Announcement

Collapse
No announcement yet.
X
  • Filter
  • Time
  • Show
Clear All
new posts

  • Date Variable - Change Hours, minutes and seconds

    Hello,
    I have a time variable with this format : DD/MM/YYY hh:mm:ss ; only all observations of the variable have 00:00:00
    I would like to know if there's a way to change the hh:mm:ss for each date.

    How can I transform Old_Date into New_Date ?

    Old_Date New_Date
    01/01/2010 00:00:00 01/01/2010 00:00:00
    01/01/2010 00:00:00 01/01/2010 00:00:30
    01/01/2010 00:00:00 01/01/2010 00:01:00
    01/01/2010 00:00:00 01/01/2010 00:01:30
    01/01/2010 00:00:00 01/01/2010 00:02:00

  • #2
    Code:
    * Example generated by -dataex-. To install: ssc install dataex
    clear
    input double(old_date new_date)
    1.5779232e+12 1.5779232e+12
    1.5779232e+12 1577923230000
    1.5779232e+12 1577923260000
    1.5779232e+12 1577923290000
    1.5779232e+12 1577923320000
    end
    format %tc old_date
    format %tc new_date
    
    
    by old_date, sort: gen double wanted = old_date + (_n-1) * 30 * 1000
    format wanted %tc
    In the future, when showing data examples, please use the -dataex- command to do so. If you are running version 16 or a fully updated version 15.1 or 14.2, -dataex- is already part of your official Stata installation. If not, run -ssc install dataex- to get it. Either way, run -help dataex- to read the simple instructions for using it. -dataex- will save you time; it is easier and quicker than typing out tables. It includes complete information about aspects of the data that are often critical to answering your question but cannot be seen from tabular displays or screenshots. It also makes it possible for those who want to help you to create a faithful representation of your example to try out their code, which in turn makes it more likely that their answer will actually work in your data.


    Comment


    • #3
      I apologize for not using datex, I will start doing so in my future posts.

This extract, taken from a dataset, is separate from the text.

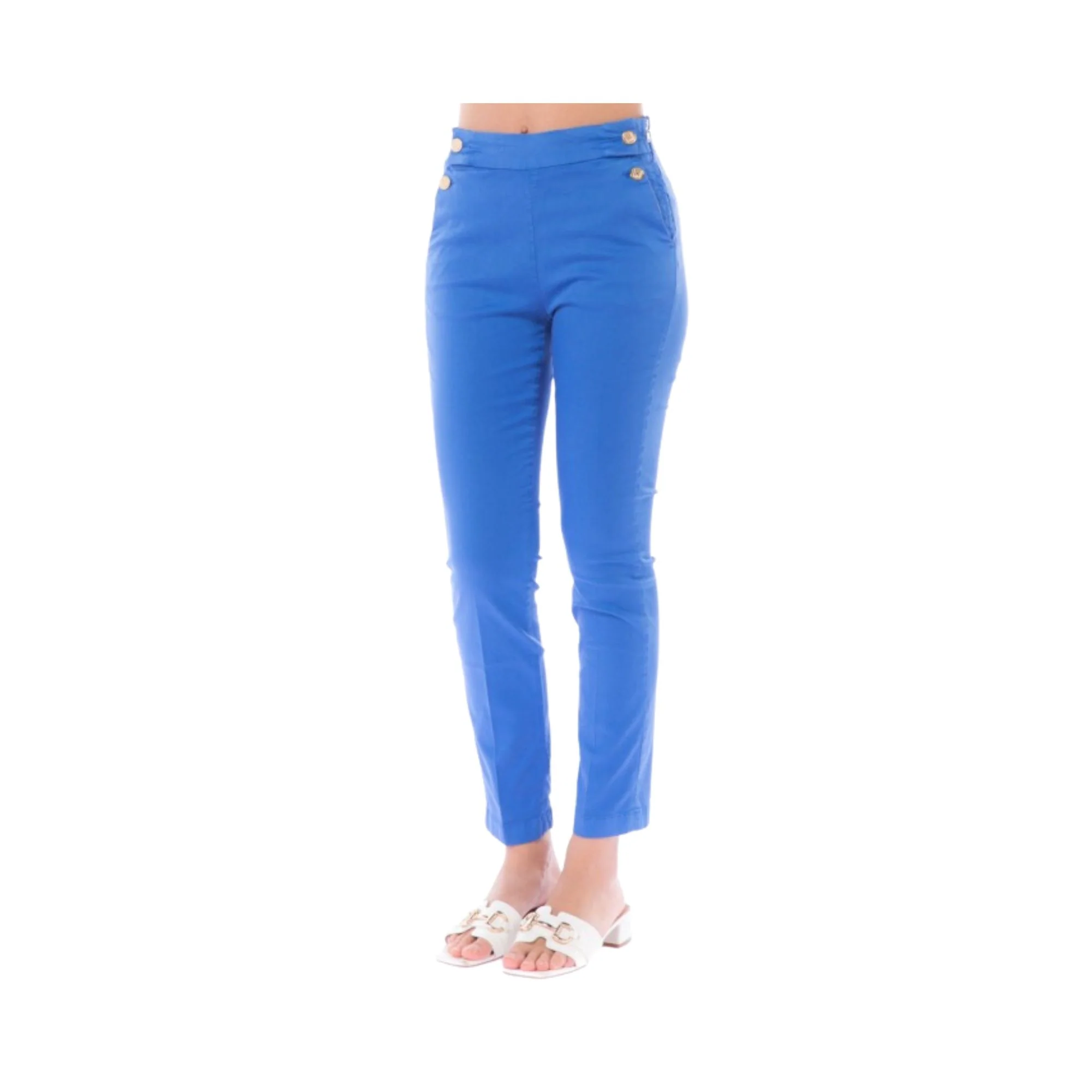 Pantalone Donna con bottoni ai fianchi - Image 2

      I want to thank you greatly, it worked perfectly. I now have been able to declare my dataset as a panel.

      Best Regards

      Comment


      • #4
        My panel is composed of daily data with multiple observations in each day. I was wondering if setting the panel with a delta = .001 seconds and not delta = 1 day will bias the results.
        Is it okay to change the structure of delta ?

        Comment


        • #5
          Well, this seems like a very odd question. Based on what you asked for in #1, delta is 30 seconds. If you try to set delta = 0.001 seconds instead, -xtset- will think you have gaps of 29,999 missing observations between each pair of observations. If you set delta = 1 day, I don't know what -xtset- will do, but I'm sure it won't be anything good.

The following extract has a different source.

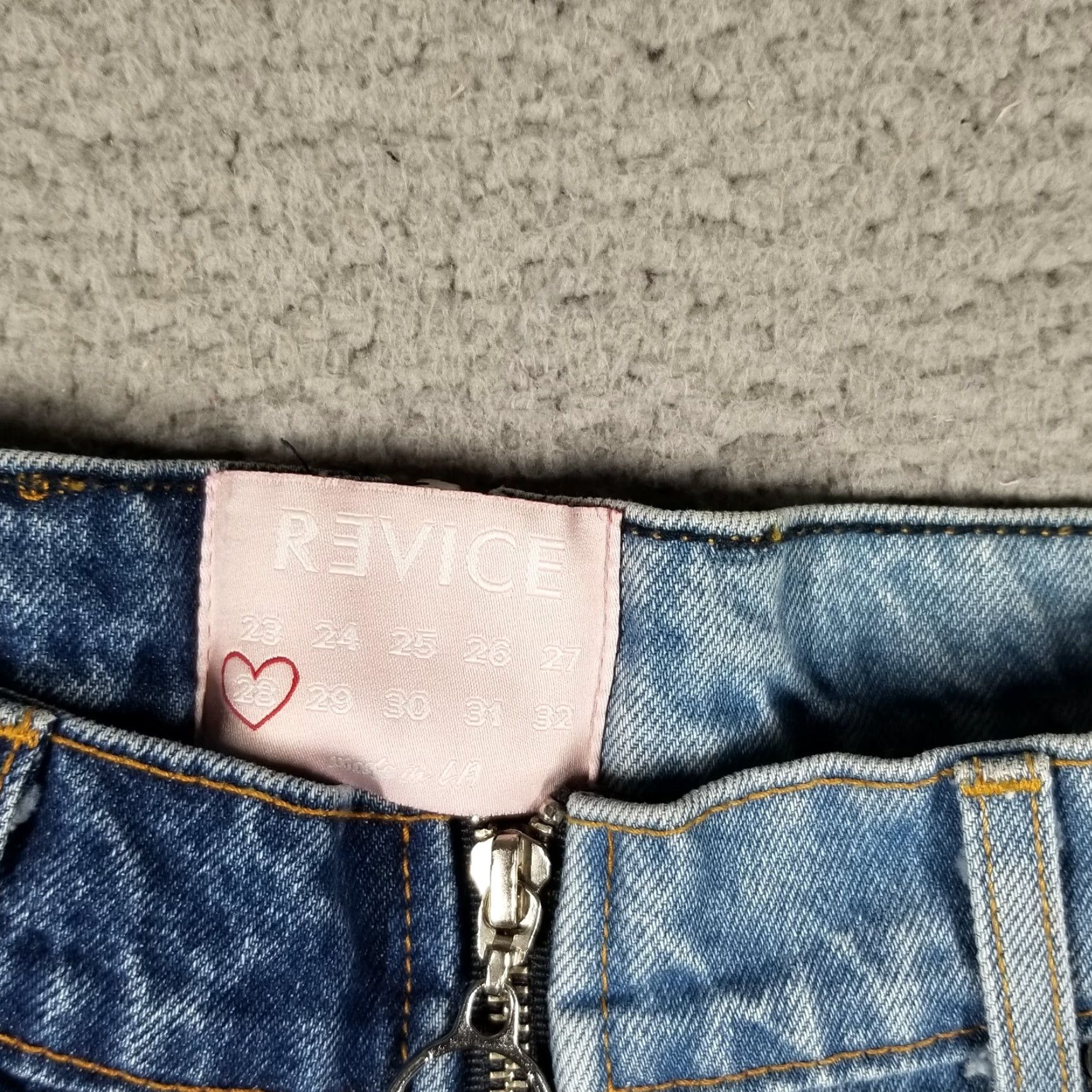 Vintage Revice High Rise Slim Straight Jeans Size 28 Two Tone Blue Womens 90s Bohemian Size 28" / US 6 / IT 42 - 3 Thumbnail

          I'm getting the impression now, however, that what's going on here is the fitting of a square peg into a round hole, or perhaps putting lipstick on a pig. In #1, I had assumed that your observations were actually obtained at 30 second intervals and that, for some reason, the original data source didn't record the time, or didn't record it correctly. Now I'm thinking you just have a bunch of observations with the same date that were not, in fact, collected at 30 second intervals, and you're trying to -xtset- the data and -xtset- is complaining that you have multiple observations with the same time. In fact, maybe you don't even really know what time the observations were made, or even what order they were in. In that case, you have no business trying to -xtset- the data with a time variable. As I see it, there are two possibilities here, and in neither case is this approach suitable:

          1. The data were actually collected at different times, and it matters what those times were, or at least it matters what the correct chronological order is. In that case, making up times is just falsifying your data, and -xtset- was doing you a favor by pointing out that your data are not suitable for what you want to do with them. Sweeping the error message under the rug in this case will just lead you to analyze phony data and produce phony results. The solutions in this case would be either to get the correct time data, or, if that isn't possible, change your analysis plan to things that do not depend on knowing the times beyond the level of the date.

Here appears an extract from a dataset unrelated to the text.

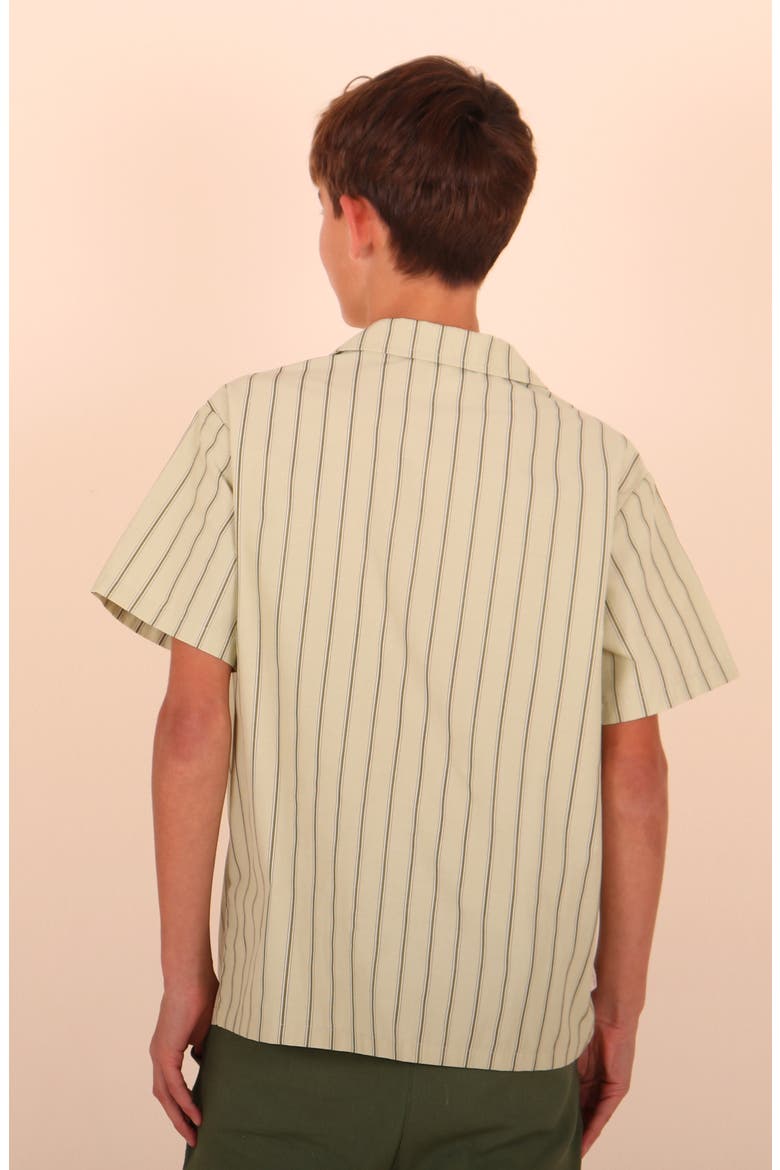 Kids' Stripe Camp Shirt, Alternate, color, MINT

          2. The data were not actually collected at different times, or they were but it doesn't matter for your analysis, and it doesn't matter what the chronological order is. In that case, your data are fine, and just -xtset- your data without a time variable. -xtset- does not require a time variable. The time variable is only needed when you want to work with time-series operators like lags and leads or with autoregressive correlation structures: which would only be the case if the correct chronological sequence or exact times matter.

          Added: There is a third possibility I just remembered. Maybe it's your panel id variable that's wrong. Is there something that distinguishes the different observations on each unit. For example perhaps you are trying to treat firm id as the panel variable, but the observations of a firm on a given date are from different divisions within the firm. In that case, the correct panel identifier is not the firm, but the combination of firm and division. If this is what's going on, you need to create a new variable that represents the combination of firm and division, and then you can -xtset- with that as the panel id variable and your time variable (as it was originally, not modified to 30 second intervals).
          Last edited by Clyde Schechter; 29 Oct 2020, 18:28.

          Comment


          • #6
            Thank you for your clear and accurate insights.
            The data consists of every fish sale operation carried out in different harbors of the country from 2010 to 2019.

            I have numerous operations for each day recording for each operation : the date (without time; lack of precision), region, harbor name, harbor city, harbor type, boat category, boat type, fishmonger type, group of fish species, category of fish species, subcagategory of fish species, price at which it was sold and amount.
            1. My panel id is the harbor name, which is already a combination of the type and city of the harbors. And -xtset- returns the repeated time values within the panel. I tried using the region as panel id and the issue persits. I could try combining the harbor with the region, how can I create a combined variable of the harbor and region ?
            2. I would like to study the effect of predictors(region, harbor type, boat category, boat type, fishmonger type, work environment, subcategory of fish species) on the log of prices over time. Ideally I would like to introduce a lag of the dependant variable as an explanatory variable. As I couldn't set the data as panel (r(451)), and as the chronological order doesn't matter(within the day-hours), I though of going around it by assigning random hours values to my days to bypass the repeated time values within the panel error. [Stata only accounts for the first operation in each day as an observation and all the rest are treated as duplicates].
            Do you think I could work with the modified time variable in my case or just drop the time variable ?
            I haven't found any other solution for the repeated time values within the panel.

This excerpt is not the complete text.